Advances in Congress
Shockingly, despite this violence, Mexico has one of the world’s most progressive constitutions with regard to gender and also leads the world in many feminist policies. United Nations Women congratulated Mexico for its historical 2014 constitutional reform where they mandated “political parties to ensure gender parity in their candidacies.” 2018 was declared “The Year of the Woman" in Mexico because female members of Congress exceeded 40 percent for the first time ever. As female representation in politics has increased in addition to other feminist organizing, gender violence has still persisted. Gender violence has consistently increased massively every year for the past twelve years. Femicide increased 137 percent in the past five years alone, four times the increase in the homicide rate. Is this the cartels fighting back? A broken government? Years of intergenerational abuse catching up to the statistics?
Failures in Mexico’s Judicial System
While there is no one answer, an important issue is certainly that perpetrators feel as though they can get away with their crimes.

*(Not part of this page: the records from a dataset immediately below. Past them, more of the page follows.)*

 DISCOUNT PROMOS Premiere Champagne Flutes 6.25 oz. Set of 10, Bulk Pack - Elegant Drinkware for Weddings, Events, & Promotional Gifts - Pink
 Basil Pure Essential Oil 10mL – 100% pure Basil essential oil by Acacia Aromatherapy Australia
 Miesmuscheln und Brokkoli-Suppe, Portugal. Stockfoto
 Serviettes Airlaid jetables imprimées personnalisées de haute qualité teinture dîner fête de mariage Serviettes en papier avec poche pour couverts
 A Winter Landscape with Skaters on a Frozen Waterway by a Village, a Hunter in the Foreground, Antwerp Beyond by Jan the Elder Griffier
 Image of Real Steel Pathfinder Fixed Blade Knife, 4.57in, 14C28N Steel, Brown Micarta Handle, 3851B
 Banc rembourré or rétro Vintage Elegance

In Mexico, 93 percent of all criminal defendants in cases of gender violence are men. In Latin America, one in three women has been a victim of gender violence in their lifetimes. In Mexico, however, this number is actually two in three women. Despite the massive number of potential cases, few women choose to go to the legal system with 98 percent of all gender-related killings, mostly femicides, going completely unprosecuted.

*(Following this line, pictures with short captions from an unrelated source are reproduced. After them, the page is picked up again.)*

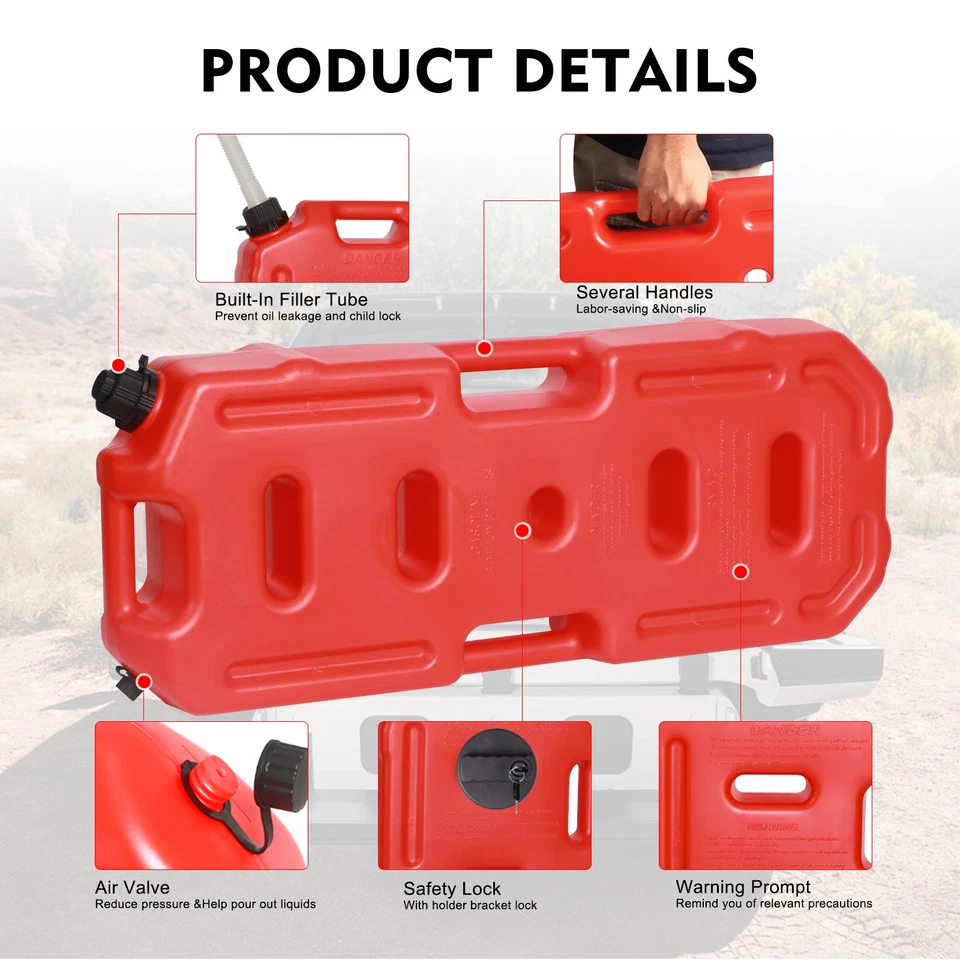 Recipiente de gás 20L 5 galões reserva tanque de lata de combustível + trava de 2 peças para Jeep SUV ATV - Imagem 3 de 4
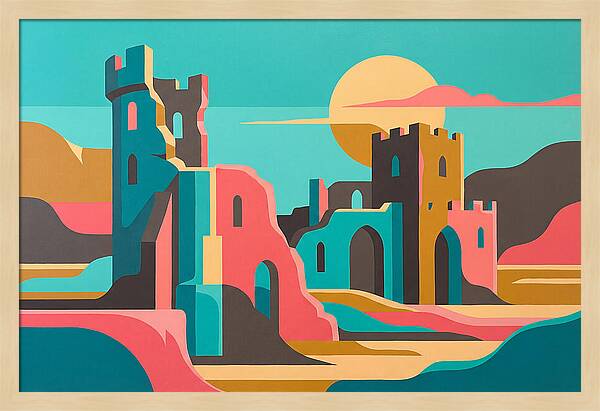 Castle Ruins Under Vibrant Skies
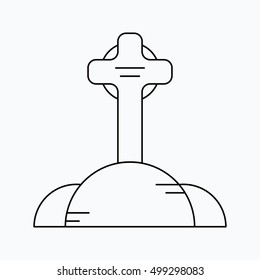 Line grave flat design. Vector illustration, halloween.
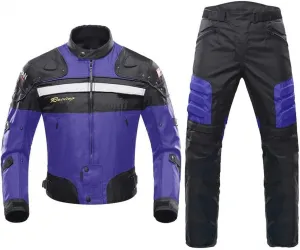 Мужская мотоциклетная куртка с защитой от холода, мотоциклетные брюки, мотокостюм, туристическая одежда, комплект защитной экипировки, 020 Blue Suit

Despite these worrying signs, many politicians are turning a blind eye. President Andres Manuel Lopez-Obrador claims that gender violence is a result of “neoliberal policies” and that the rising rate of femicides is just “part of a giant right-wing plot against him.” This rhetoric only serves to skirt around meaningful change, as argued by the United Nations.
After a feminist protest in February 2020, Obrador asked feminists not to demonstrate since the government is already working hard to eliminate femicides. Beatriz Belmont, an international relations student at Instituto Tecnologico Autonomo de Mexico (ITAM), responded with “If trashing monuments makes authorities look at us and listen to our demands, then we will continue to do so, [the president’s response] is unacceptable and unfitting for someone who should be acting as a national leader.”
Future Steps
In March 2020, millions of women and men flooded the streets surrounding the Angel de la Independencia in Mexico City. A few days after the march, millions of women refused to go to work as part of the protest #UnDiaSinNosotras, or #ADayWithoutUs. Moreover, local, state and federal government officials joined in the various protests as well. These movements build on the back of #NiUnaMenos to signal that not even one more femicide will be tolerated. They are giving the silenced a voice. They are shifting the way we perceive women within Mexico and challenging insufficient action.
Change is slow and hard, and even as Mexico makes feminist strides in other areas, its issues with gender violence persist. But there is momentum now for serious conversations about gender violence in Mexico, for a re-examination of the Mexican Drug War, for judicial reform, and for holding politicians accountable.